Acordo de colaboração judicial assinado por empresa, desta vez no Peru, tem potencial devastador
Prevê-se uma longa e forte tormenta sobre o governo e o Congresso do Peru , como consequência do acordo de colaboração judicial assinado pela Odebrecht na semana passada. Na essência, é similar ao que o grupo empresarial fez há dois anos no Brasil, nos Estados Unidos e na Suíça. Prevê testemunhos e entrega de provas, sem restrições, de crimes de corrupção e lavagem de dinheiro.
Suspeitas de má administração e recebimento de propinas de empresas brasileiras, Odebrecht à frente, já induziram o cerco judicial a quatro ex-chefes de Estado peruanos.
Neste ano, houve a renúncia de um presidente, Pedro Pablo Kuczynski (2016-2018).
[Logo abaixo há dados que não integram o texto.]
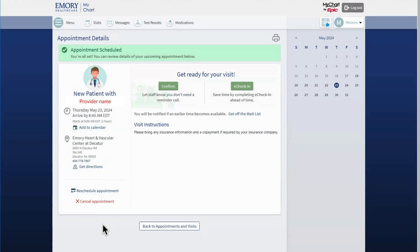If I don't have a MyChart account, I will need to set up an account or call my provider's office to cancel or reschedule my appointment.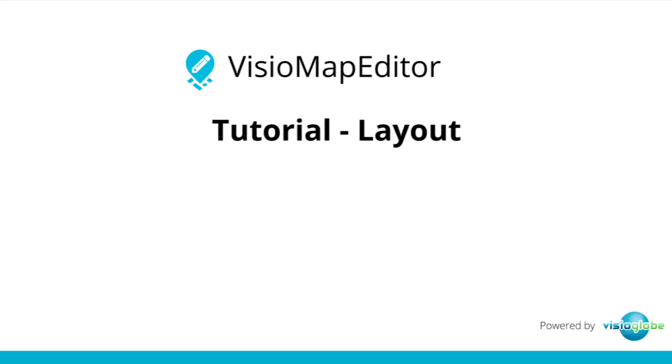Welcome to the Visio Map Editor tutorial series. In this tutorial, we're going to learn about the Map Editor's layout and interface.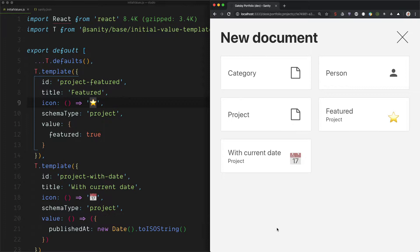Hi, I'm Knut. I'm a developer advocate at Sanity.io, and in this video I will be showing you how to create initial value templates.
Outros dois ex-presidentes tiveram prisão decretada, Alejandro Toledo (20012006) e Ollanta Humala (20112016). E um quarto, Alan García (1985-1990 e 2006-2011), hoje peregrina por embaixadas em Lima à procura de “asilo” alegando “perseguição política” — argumento risível porque no Peru, como no Brasil, vive-se sob império da lei e da democracia. Além deles, investiga-se a líder da oposição, Keiko Fujimori, presa preventivamente. Nesse contexto, o acordo tem potencial ainda mais devastador. E sinaliza algo parecido ao México, Colômbia, Equador e países centro-americanos.
O “efeito Odebrecht” se espraia por Américas, África e Europa. Sua força deriva da ansiedade por mudanças, cristalizadas no Brasil a partir das manifestações de 2013.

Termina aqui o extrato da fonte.